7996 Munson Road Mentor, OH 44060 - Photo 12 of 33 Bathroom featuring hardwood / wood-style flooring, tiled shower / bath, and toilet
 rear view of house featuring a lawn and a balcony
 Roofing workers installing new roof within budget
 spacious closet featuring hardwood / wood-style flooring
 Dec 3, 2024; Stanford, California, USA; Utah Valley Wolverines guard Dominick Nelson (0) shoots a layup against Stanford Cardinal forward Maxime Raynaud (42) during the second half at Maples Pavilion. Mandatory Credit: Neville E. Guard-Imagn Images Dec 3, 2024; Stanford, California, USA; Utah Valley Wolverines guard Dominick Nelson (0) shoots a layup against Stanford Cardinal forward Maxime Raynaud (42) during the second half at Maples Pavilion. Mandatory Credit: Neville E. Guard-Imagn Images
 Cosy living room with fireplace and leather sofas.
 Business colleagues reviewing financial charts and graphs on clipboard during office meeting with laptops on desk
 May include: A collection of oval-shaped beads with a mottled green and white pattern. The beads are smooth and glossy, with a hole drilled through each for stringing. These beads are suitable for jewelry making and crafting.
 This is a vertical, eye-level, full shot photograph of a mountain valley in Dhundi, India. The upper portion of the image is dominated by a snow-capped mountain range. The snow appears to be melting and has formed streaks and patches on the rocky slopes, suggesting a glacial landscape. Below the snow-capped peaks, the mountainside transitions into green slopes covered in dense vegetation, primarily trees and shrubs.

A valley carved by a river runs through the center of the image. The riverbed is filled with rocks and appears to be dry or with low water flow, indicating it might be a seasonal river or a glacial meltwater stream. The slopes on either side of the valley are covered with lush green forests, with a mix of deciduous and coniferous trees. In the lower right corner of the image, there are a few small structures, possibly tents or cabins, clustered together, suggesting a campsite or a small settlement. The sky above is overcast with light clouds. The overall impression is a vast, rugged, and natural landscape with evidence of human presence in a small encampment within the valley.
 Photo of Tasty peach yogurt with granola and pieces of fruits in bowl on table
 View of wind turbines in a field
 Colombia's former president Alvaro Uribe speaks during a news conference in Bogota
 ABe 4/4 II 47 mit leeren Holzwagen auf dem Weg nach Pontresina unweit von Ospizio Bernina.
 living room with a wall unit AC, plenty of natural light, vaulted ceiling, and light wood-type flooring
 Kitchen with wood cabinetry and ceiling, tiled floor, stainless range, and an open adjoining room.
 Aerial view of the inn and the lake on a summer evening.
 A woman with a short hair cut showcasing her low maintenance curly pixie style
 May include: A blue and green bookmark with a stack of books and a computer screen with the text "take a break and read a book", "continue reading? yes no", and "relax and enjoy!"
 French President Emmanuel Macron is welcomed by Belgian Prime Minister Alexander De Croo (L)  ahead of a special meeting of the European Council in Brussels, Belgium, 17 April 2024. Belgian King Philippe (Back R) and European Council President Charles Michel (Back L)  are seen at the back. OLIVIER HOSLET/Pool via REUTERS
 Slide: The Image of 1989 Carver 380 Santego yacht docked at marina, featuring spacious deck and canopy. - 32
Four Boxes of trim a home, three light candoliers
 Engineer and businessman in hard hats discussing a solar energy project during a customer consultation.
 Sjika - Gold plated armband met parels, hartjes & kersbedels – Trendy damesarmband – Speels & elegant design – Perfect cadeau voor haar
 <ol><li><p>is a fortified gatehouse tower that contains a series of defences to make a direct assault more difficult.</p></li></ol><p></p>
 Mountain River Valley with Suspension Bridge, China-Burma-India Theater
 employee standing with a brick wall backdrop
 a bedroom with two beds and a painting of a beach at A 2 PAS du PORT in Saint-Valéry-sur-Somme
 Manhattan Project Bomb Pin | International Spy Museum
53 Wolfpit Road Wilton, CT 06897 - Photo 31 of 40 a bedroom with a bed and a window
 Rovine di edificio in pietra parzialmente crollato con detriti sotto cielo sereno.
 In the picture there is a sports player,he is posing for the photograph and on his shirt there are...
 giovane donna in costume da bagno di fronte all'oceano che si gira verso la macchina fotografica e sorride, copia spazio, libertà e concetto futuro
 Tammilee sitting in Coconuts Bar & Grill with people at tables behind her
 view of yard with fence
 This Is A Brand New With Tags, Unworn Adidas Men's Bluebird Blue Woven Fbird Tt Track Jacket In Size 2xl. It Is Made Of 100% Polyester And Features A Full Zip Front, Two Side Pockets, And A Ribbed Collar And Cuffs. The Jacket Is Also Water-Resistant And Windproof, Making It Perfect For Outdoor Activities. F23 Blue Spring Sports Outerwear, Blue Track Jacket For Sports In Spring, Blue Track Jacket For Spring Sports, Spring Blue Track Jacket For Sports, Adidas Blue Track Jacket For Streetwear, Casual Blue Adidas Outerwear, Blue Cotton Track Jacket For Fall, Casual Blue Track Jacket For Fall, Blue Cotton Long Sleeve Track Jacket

■ **Work instructions**
Could you repeat exactly the lines above from the line with "living room with a" up to and including the line with "May include: A blue", and only those?

■ **Exercise solution**
 living room with a wall unit AC, plenty of natural light, vaulted ceiling, and light wood-type flooring
 Kitchen with wood cabinetry and ceiling, tiled floor, stainless range, and an open adjoining room.
 Aerial view of the inn and the lake on a summer evening.
 A woman with a short hair cut showcasing her low maintenance curly pixie style
 May include: A blue and green bookmark with a stack of books and a computer screen with the text "take a break and read a book", "continue reading? yes no", and "relax and enjoy!"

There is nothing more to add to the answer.